Ostrzyga: Ja, so etwas fällt einem vielleicht nicht auf, wenn man nicht mit Vokalmusik in der Praxis zu tun hat.

nmz: Wo sehen sie noch Probleme in der bisherigen Annäherung?

Ostrzyga: Ein Forscher behauptet, Süßmayrs Rhythmus für „Domini“ im Benedictus sei „falsch“ und nie von Mozart geschrieben worden. In der Spatzenmesse findet sich jedoch ein Satz in vergleichbarem Tempo, und hier hat Mozart diesen Rhythmus sechsmal geschrieben. Oder: Es ist Lehrmeinung, dass Süßmayrs Hosanna viel zu kurz sei, und auch der Abschnitt davor im Sanctus. Bei Mozart kommen aber ähnlich kurze und noch kürzere Sätze dieser Art vor, vor allem in Werken, die er 1791, im Entstehungsjahr des Requiem-Fragments, auf dem Pult oder Schreibtisch liegen hatte.

nmz: Sie verteidigen Süßmayr?

Ostrzyga: Ja, Süßmayr hat sicher vieles gemacht, was unwahrscheinlich ist oder man für Mozart sicher ausschließen kann. Aber seine Kritiker, vor allem im 20. Jahrhundert, haben ihn so oft zu Unrecht gescholten, weil sie es nicht besser wussten, aber vielleicht hätten besser wissen sollen. Das Requiem bringt das Beste, aber auch das Schlechteste im Menschen hervor. Ein Forscher hat vor einigen Jahren die Requiem-Debatte der Musikwissenschaft mit der Filmreihe „Der Pate“ verglichen.

nmz: Was war ihnen bei ihrer Arbeit noch wichtig?

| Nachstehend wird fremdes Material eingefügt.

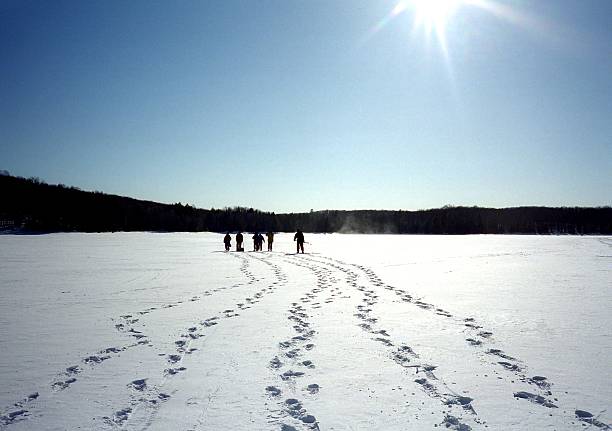 Frozen Lake Trek stock photo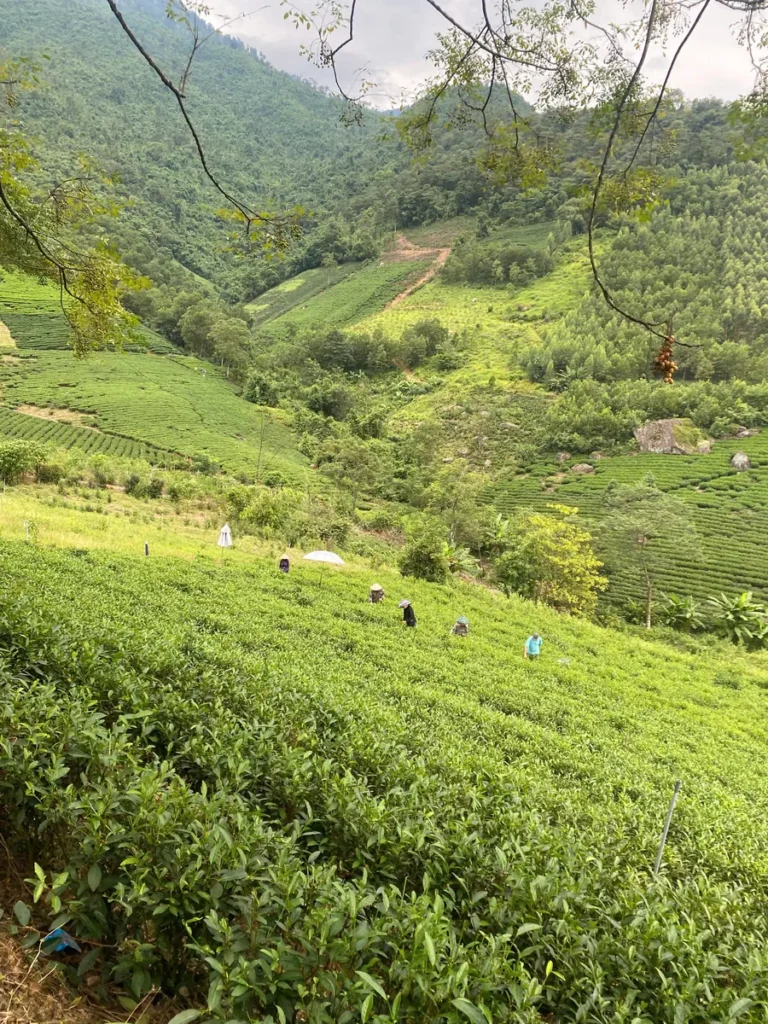 Trà cho căng tin trường học, bệnh viện: nấu bình 10 lít hết bao nhiêu gam? Đồi chè vùng nguyên liệu, nguồn trà cho căng tin trường học và bệnh viện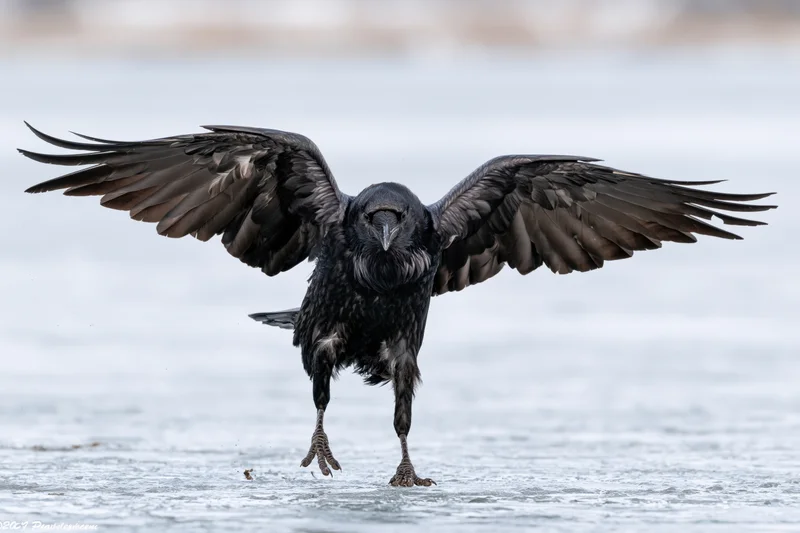 Raven landing with wings spread on frozen lake surface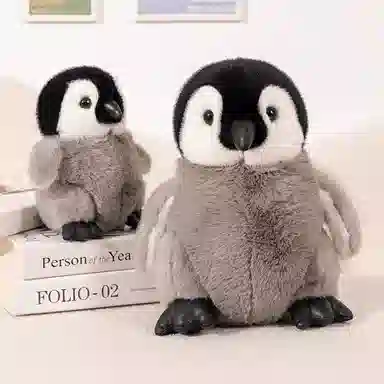 20cm30cm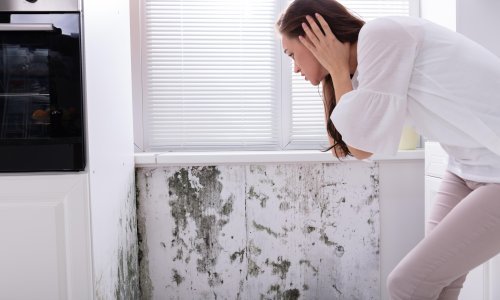 Nevidljivi neprijatelj u vašem domu: Znate li što vam polako narušava zdravlje?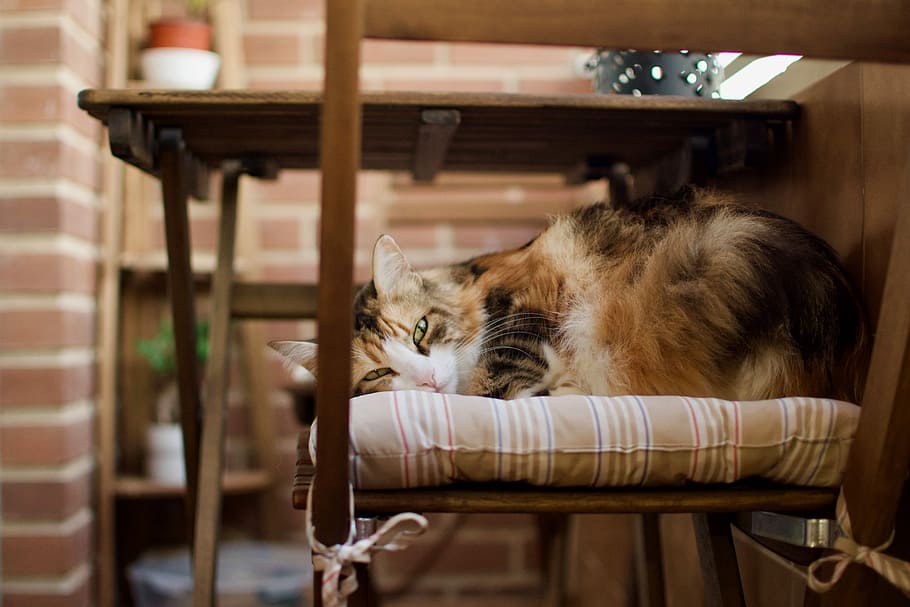 Pebe in the balcony, long-fur brown and black cat on padded chair HD wallpaper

Ostrzyga: Händel und Bach. Die Musik im Fragment spricht diesbezüglich Bände. Wir wissen, Mozart hat sich bewusst und gezielt mit Händel und Bach auseinandergesetzt. Deshalb habe ich jene Werke der beiden älteren Komponisten, die Mozart gekannt hat oder gekannt haben dürfte, herangezogen und versucht nachzuspüren, wie sich das in den späten Werken Mozarts zeigt. Ganz konkret hat Mozart für das Requiem Händels Funeral Anthem for Queen Caroline studiert. Das habe ich mir auch genau angesehen und versucht, Spuren davon im Fragment auszumachen. Dann hat Mozart ja einige Händel-Oratorien bearbeitet, so dass ich Original und Bearbeitung vergleichen konnte. Und er hatte ein Faible für Fugen Bachs. Ich versuchte mir vorzustellen: wie hätte sich Händel und Bach im Requiem wiederfinden lassen können?